DATA SECTION:
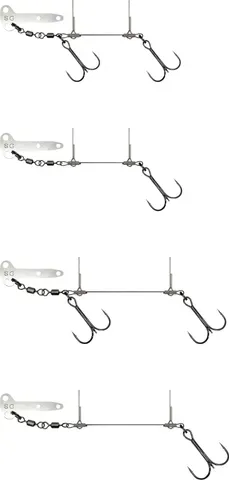 Savage Gear Pro Peg Blade Rig 10cm 23kg L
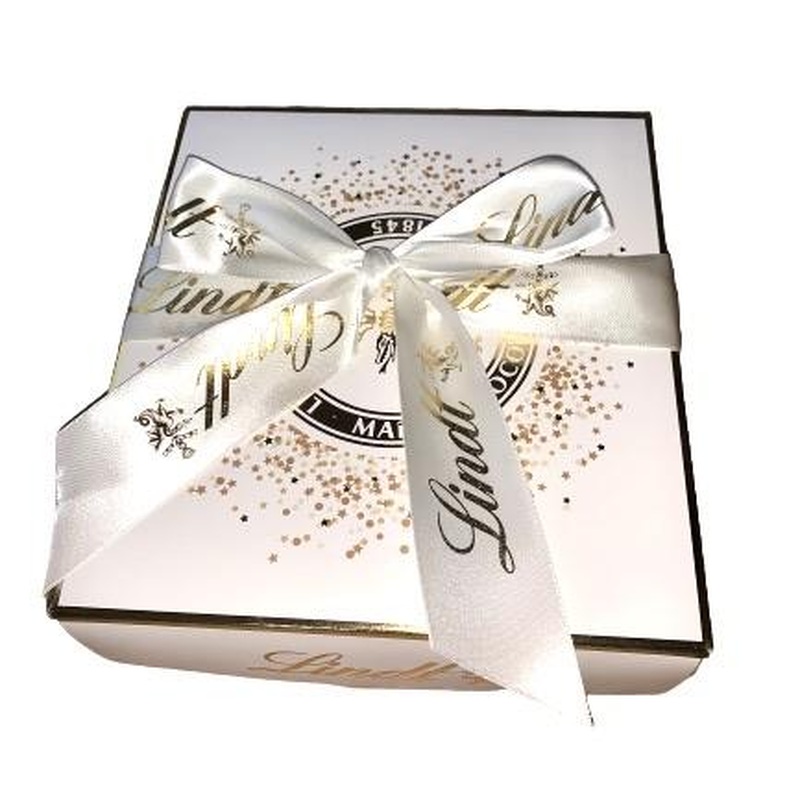 Luxury Box of Lindt Truffles Unique Flavors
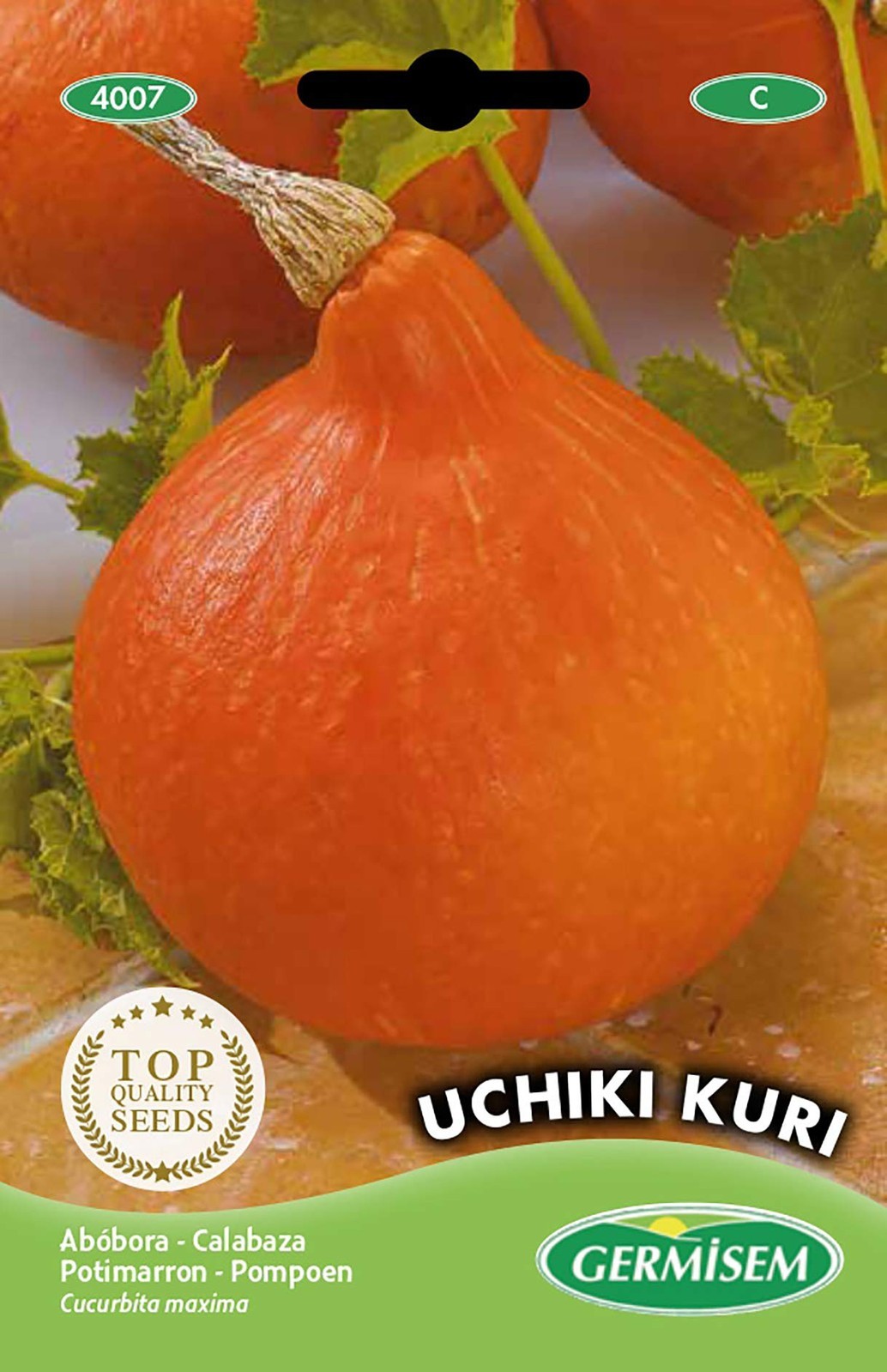 Germisem Uchiki Kuri Semi di Zucca 2 g (c0X)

EXERCISE GOAL:
Your answer should be the lines from the line containing "Luxury Box of Lindt Truffles Unique Flavors" through the end of the listing above, output exactly and alone, without the pictures.

YOUR SOLUTION:
 Luxury Box of Lindt Truffles Unique Flavors
 Germisem Uchiki Kuri Semi di Zucca 2 g (c0X)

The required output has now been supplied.